A contract (sometimes referred to as a contract underhand) and a deed are the two ways in which a binding legal agreement can be documented.
In the majority of commercial transactions, a contract will be used to document the relationship between the parties (such as that of a manufacturer and a retailer). Whilst a contract does not need to be in writing, it is advised for record keeping purposes that it is.
For a contract to be binding, there needs to be a clear offer, acceptance, consideration (i.e. cash changing hands) and the mutual intention of the parties to be bound legally. The contract is typically executed by both parties (or authorised representatives thereof) and will be binding and in effect from the date of the document.
Deeds on the other hand do not need consideration to have changed hands between the parties for the agreement to be legally binding and enforceable. A deed must be ‘prima facie’ a deed, must be in written form, validly executed and delivered (this does not mean physically delivered, rather when the parties intend to be bound – deeds are commonly stated as being delivered upon execution).

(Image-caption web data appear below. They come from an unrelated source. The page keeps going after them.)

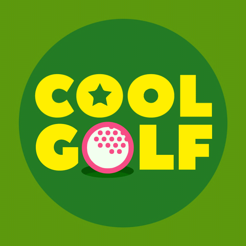 Cool Golf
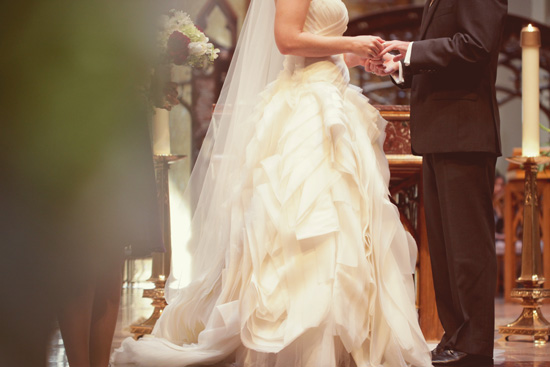 steampunk-wedding-from-brandon-kidd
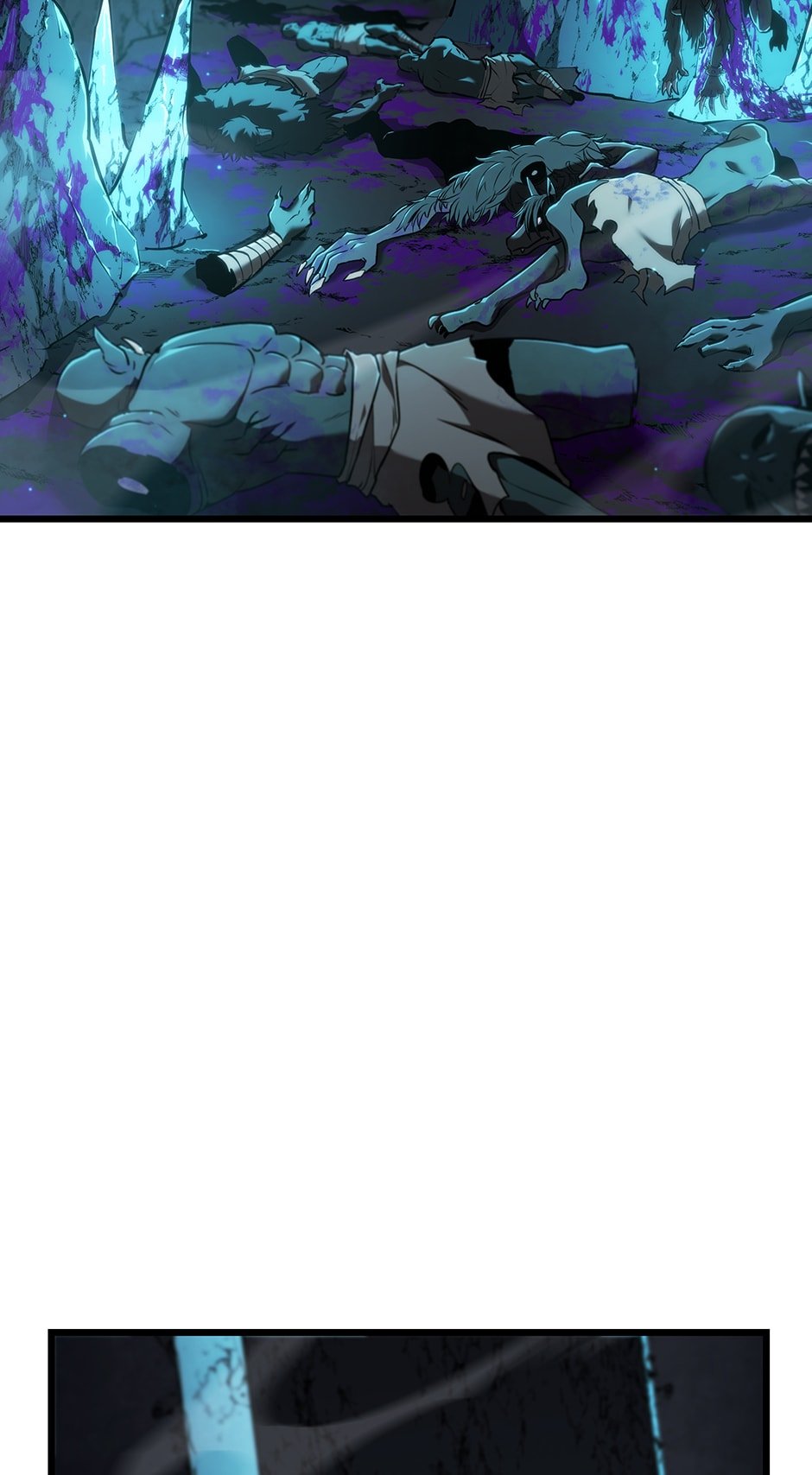 Page 3 of Chapter 178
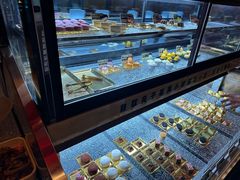 -牛New寿喜烧(金鹰世界店)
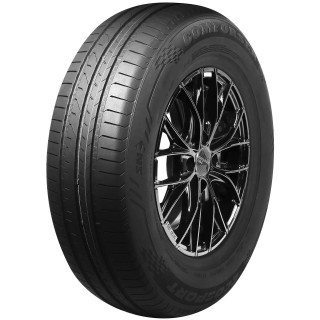 205/60 R16 96 V Comforser Ecosport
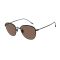 Giorgio Armani AR 6048 300173 Güneş Gözlüğü, Resim 6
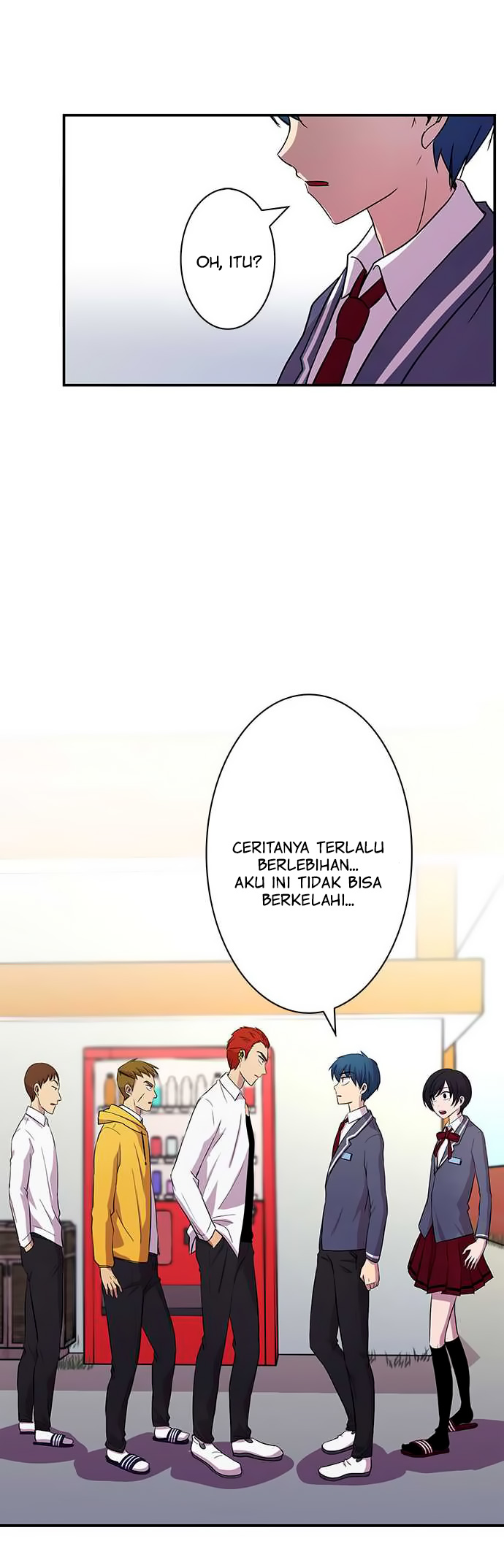 Halaman 7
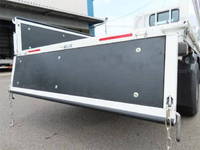 日産アトラス平ボディ小型（2t・3t）[写真22]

There are certain documents which have to be executed as a deed, such as powers of attorney and a handful or real estate related documents.
Deeds may also benefit from an extended limitation period, that being the amount of time after a contractual breach a claim can be brought. For contracts this is 6 years following the breach giving way to the claim, however for deeds this is typically 12 years.
Overall, in a typical commercial transaction where money is changing hands, a contract tends to be the preferable form of agreement. However, where money is not being exchanged or the parties wish to rely on an extended limitation period, then a deed may be more appropriate.